* Extracted records
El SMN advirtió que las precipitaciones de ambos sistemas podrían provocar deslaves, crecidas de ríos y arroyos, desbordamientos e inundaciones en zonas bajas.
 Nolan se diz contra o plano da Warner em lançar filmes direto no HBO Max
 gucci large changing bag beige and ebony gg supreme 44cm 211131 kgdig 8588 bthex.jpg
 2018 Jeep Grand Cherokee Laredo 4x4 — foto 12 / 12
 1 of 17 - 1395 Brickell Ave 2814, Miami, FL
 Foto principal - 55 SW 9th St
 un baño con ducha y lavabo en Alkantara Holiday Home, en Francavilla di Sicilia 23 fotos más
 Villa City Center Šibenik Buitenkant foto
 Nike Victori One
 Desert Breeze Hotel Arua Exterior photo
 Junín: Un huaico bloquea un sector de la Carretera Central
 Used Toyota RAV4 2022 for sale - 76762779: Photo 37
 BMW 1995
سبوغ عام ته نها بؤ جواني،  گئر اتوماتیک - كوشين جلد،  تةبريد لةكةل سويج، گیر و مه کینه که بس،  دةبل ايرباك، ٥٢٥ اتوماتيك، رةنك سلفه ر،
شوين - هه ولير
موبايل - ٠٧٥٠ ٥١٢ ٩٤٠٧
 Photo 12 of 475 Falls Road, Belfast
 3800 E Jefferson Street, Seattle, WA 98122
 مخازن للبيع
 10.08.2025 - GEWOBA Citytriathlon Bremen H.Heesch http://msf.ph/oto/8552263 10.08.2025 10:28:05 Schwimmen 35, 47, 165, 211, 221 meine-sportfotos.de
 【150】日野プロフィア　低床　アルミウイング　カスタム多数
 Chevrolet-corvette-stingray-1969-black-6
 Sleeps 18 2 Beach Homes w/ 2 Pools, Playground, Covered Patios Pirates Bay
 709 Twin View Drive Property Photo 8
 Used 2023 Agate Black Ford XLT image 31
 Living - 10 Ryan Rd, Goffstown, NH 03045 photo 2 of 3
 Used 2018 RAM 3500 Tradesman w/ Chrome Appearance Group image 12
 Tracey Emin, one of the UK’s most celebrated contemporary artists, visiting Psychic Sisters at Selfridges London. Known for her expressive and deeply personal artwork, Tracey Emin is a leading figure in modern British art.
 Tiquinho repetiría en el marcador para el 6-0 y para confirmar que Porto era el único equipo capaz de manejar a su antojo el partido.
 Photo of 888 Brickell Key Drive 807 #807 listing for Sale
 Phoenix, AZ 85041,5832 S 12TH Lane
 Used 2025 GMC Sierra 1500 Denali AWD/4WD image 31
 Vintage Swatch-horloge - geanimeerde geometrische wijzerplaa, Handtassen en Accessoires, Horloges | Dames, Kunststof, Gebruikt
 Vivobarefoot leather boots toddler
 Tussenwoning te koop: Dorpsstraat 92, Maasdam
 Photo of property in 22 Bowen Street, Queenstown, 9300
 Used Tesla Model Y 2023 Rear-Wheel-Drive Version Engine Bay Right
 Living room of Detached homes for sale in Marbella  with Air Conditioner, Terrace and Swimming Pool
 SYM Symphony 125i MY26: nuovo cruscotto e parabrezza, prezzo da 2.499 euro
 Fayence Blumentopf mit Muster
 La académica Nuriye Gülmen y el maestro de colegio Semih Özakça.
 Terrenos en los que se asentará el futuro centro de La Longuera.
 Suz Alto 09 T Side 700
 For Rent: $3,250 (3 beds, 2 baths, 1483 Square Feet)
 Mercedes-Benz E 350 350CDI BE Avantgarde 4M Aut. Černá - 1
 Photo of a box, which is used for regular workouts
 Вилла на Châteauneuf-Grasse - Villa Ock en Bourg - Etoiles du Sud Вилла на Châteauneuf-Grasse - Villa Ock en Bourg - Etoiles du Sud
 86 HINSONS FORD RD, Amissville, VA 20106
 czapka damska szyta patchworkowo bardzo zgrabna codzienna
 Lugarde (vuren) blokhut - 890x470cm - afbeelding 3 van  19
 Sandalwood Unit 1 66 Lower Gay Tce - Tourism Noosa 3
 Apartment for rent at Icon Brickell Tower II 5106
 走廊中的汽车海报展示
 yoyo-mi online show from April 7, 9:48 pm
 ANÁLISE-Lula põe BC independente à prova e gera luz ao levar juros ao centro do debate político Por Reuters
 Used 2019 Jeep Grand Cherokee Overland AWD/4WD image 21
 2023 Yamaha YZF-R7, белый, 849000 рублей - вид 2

* Task item
Find the lines in the data that include "Cherokee", then copy each of them.

* Your solution
 2018 Jeep Grand Cherokee Laredo 4x4 — foto 12 / 12
 Used 2019 Jeep Grand Cherokee Overland AWD/4WD image 21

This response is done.